Durante o julgamento a promotora de Justiça do Ministério Público do Paraná, Ticiane Louise Santana Pereira, destacou como o caso se apresenta como singular na justiça brasileira: por ter tido dois juris populares anulados, pela duração de 23 anos do processo e pela responsabilização do Estado brasileiro pelo assassinato do trabalhador pela Comissão Interamericana de Direitos Humanos (CIDH) responsabilizou o Estado brasileiro em 2009, em razão da lentidão e não responsabilização dos envolvidos pelo sistema de justiça brasileiro. O júri foi presidido pelo juiz Daniel Ribeiro Surdi de Avelar.
Esposa testemunhou o ocorrido
A camponesa Antônia França é a principal testemunha de que Prochet assassinou Sebastião Camargo. Ela estava deitada ao lado de Sebastião quando ele foi executado. Ao relatar durante o júri, a trabalhadora resgatou como foi o fatídico dia.

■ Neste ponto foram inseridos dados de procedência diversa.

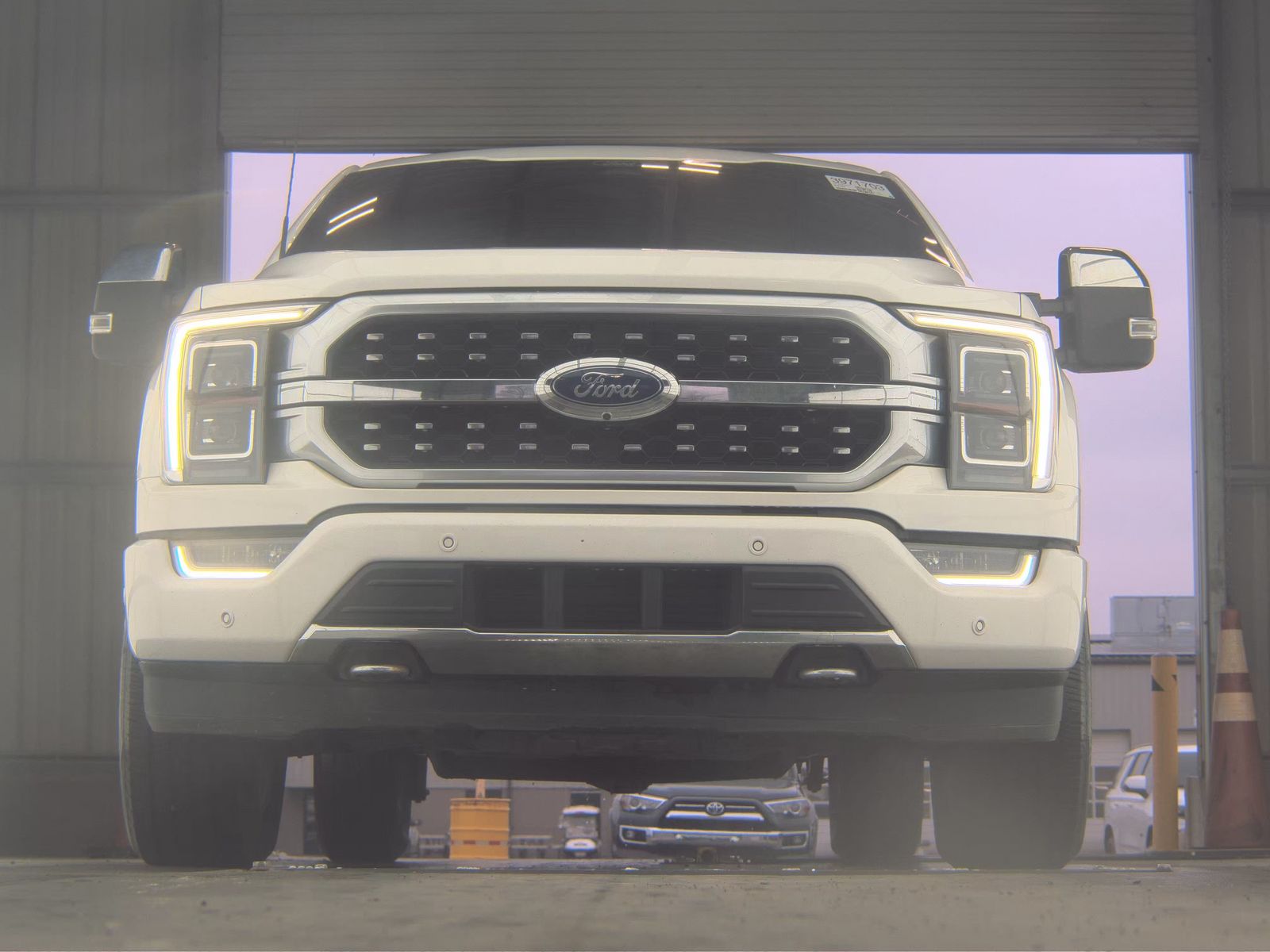 2022 Ford F-150 Hybrid Platinum AWD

Segundo Antônia, as famílias acampadas não estavam armadas. Os jagunços chegaram encapuzados e pediram para o casal deitar no chão. Dona Antônia deitou e Sebastião, por conta de um problema nas costas, não atendeu ao pedido. Foi neste momento que Prochet disparou contra o camponês. A mulher conta que na hora do disparo, o líder da UDR levantou o capuz. Ela já o reconhecia de meses atrás, quando Prochet tirava os acampados das áreas com ajuda da polícia.

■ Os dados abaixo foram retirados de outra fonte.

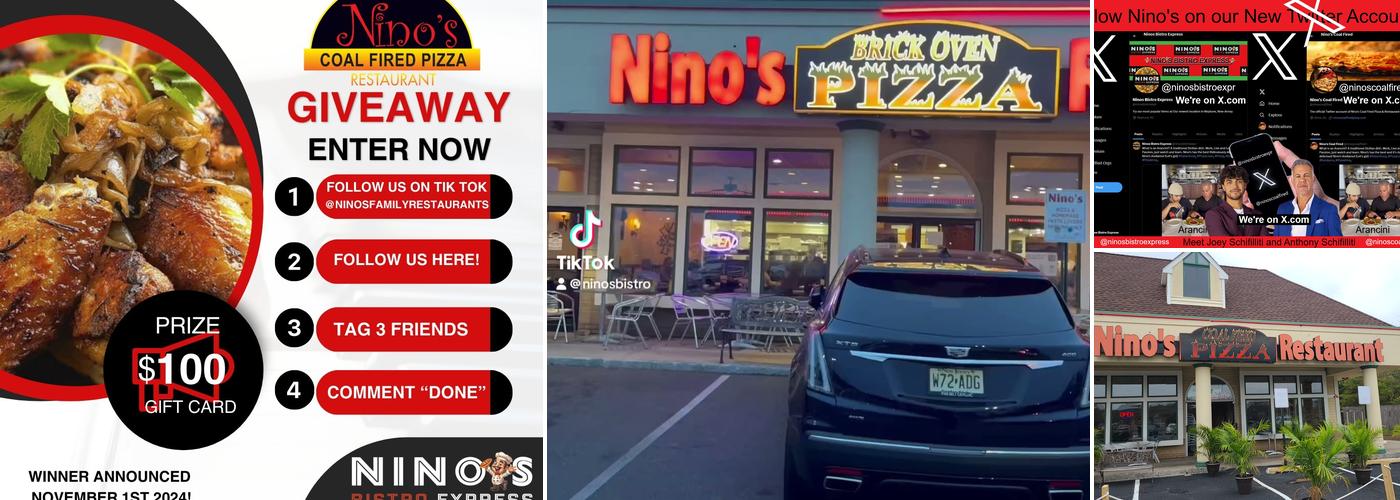 Nino's Coal Fired Pizza Brick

Seis pessoas viram Marcos Prochet no momento da desocupação – quatro delas viram o momento em que Sebastião Camargo foi morto, e reconhecem o ruralista como autor do disparo.
Argumentos de defesa
Os principais álibis apresentados por Prochet eram seus próprios funcionários. Ao longo dos 23 anos de processo, a defesa apresentou dois roteiros diferentes dos possíveis trajetos que Prochet teria feito em Londrina, na manhã do crime. As contradições presentes nas duas versões somam para a afirmação de que ele participou dos despejos em Marilena.
Diferente da narrativa usada pela defesa de que Prochet sempre agiu dentro da legalidade, a acusação apresentou durante o júri trechos de entrevistas concedidas pelo ruralista a veículos de comunicação. Um ano após o crime, Prochet disse à uma reportagem do jornal O Estado do Paraná que “o único recurso que temos é a lei da selva e os fazendeiros estão se armando. Ao contrário da solução dessa pacífica, os fazendeiros precisam se unir e se organizar para defender suas terras, quase todos eles têm armas para defender suas armas. Não gostaríamos de atirar nos sem terra, só que se os ânimos vão se exaltando e como não existe policia e nem respeito a lei, de repente pode ter um conflito”
Condenações tardias
O ex-presidente da UDR – associação de proprietários rurais voltada à “defesa do direito de propriedade” – é a quarta pessoa a ir a júri popular pelo assassinato de Sebastião Camargo. Teissin Tina recebeu condenação de seis anos de prisão por homicídio simples, no entanto não foi preso porque a pena prescreveu. Já Osnir Sanches foi condenado a 13 anos de prisão por homicídio qualificado e constituição de empresa de segurança privada, utilizada para recrutar jagunços e executar despejos ilegais. Ele cumpre prisão domiciliar, por questões de saúde. Augusto Barbosa da Costa, integrante da milícia privada, também foi condenado, mas recorreu da decisão.
Denunciado apenas em 2013, o ruralista Tarcísio Barbosa de Souza, presidente da Comissão Fundiária da Federação de Agricultura do Estado do Paraná – FAEP, ligada à Confederação Nacional da Agricultura (CNA), também foi apontado como envolvido no crime, mas a decisão judicial que determinava o julgamento de Tarcísio por júri popular foi anulada em 2019.